As will be appreciated by those skilled in the art, both conventional plunger lift systems and GAPL systems could benefit from the determination of various parameters relating to plunger operation. However, conventional techniques for determining such parameters are generally inefficient and/or inaccurate. Accordingly, there exists a need for improved techniques for determining plunger parameters with respect to both conventional plunger lift systems and GAPL systems.
SUMMARY OF THE INVENTION
An embodiment described herein provides a plunger lift system for monitoring plunger parameters within a wellbore. The wellbore includes a production tubing for conveying fluids from a reservoir to the surface. The plunger lift system includes a lubricator attached to a wellhead at the surface, a plunger dimensioned to travel through the production tubing upon being released from the lubricator, and a bumper spring residing in the production tubing and configured to receive the plunger when the plunger travels toward the bottom of the wellbore. The plunger lift system also includes magnetic sensor systems installed along the production tubing, where each magnetic sensor system includes a magnetic sensor for detecting the passage of the plunger as it travels through the production tubing, as well as a communication device that is configured to transmit communication signals between each magnetic sensor system and a computing system located at the surface. The plunger lift system further includes the computing system, where the computing system includes a processor and a non-transitory, computer-readable storage medium including computer-executable instructions that direct the processor to dynamically determine the plunger position and/or the plunger velocity based on the communication signals received from the magnetic sensor systems. For embodiments in which the plunger lift system is a gas-assisted plunger lift system, the plunger lift system also includes an injection line for injecting lift gas down the annulus of the wellbore and back up the production tubing to the surface to assist with the return of the plunger to the lubricator at the surface. In such embodiments, the plunger lift system may optionally include mandrels for securing gas lift valves to the production tubing, and the magnetic sensor systems may optionally be installed within (or attached to) such mandrels.

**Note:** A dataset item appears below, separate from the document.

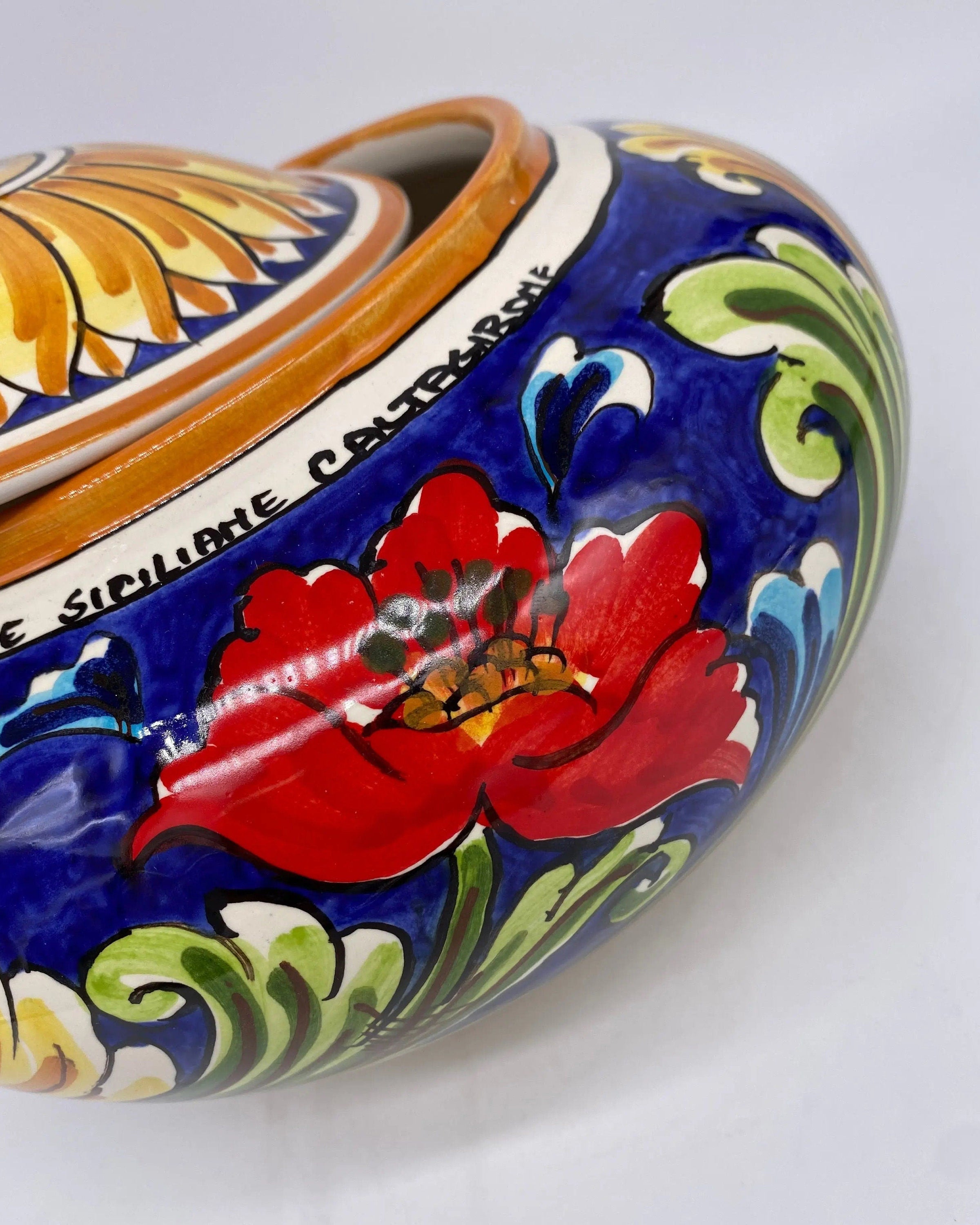 Biscottiera Decorata 700 Fiori Ceramica Caltagirone cm H.18 L.24 Artigianale DD CERAMICHE SICILIANE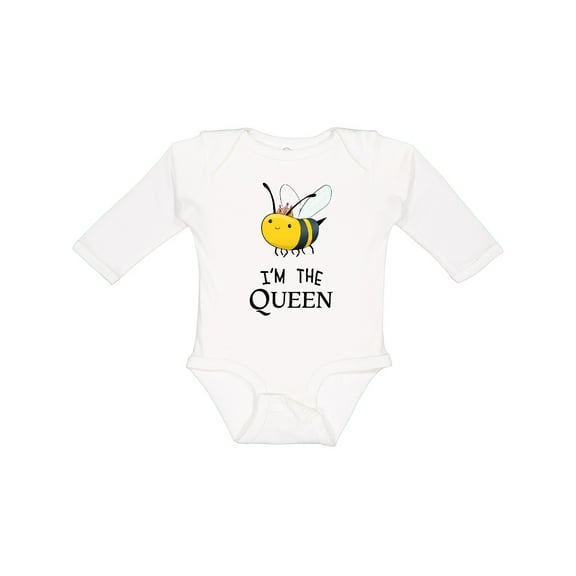 Inktastic I'm the Queen Cute Queen Bee Boys or Girls Long Sleeve Baby Bodysuit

Another embodiment described herein provides a method for monitoring plunger parameters within a wellbore corresponding to a plunger-lifted well, where the wellbore includes a production tubing with magnetic sensor systems disposed along the production tubing. The method includes sensing, via a magnetic sensor within each magnetic sensor system, a passage of a metallic plunger traveling through the production tubing, as well as transmitting resulting electrical sensor signals to a computing system located at the surface, where the electrical sensor signals include data relating to a time at which the metallic plunger passed each magnetic sensor system. The method may further include dynamically determining the plunger position and/or plunger velocity based on the electrical sensor signals, as well as controlling plunger performance (and, for embodiments in which the plunger lift system is a gas-assisted plunger lift system, gas lift performance) in response to the determination of the plunger position and/or plunger velocity.
These and other features and attributes of the disclosed embodiments of the present disclosure and their advantageous applications and/or uses will be apparent from the detailed description which follows.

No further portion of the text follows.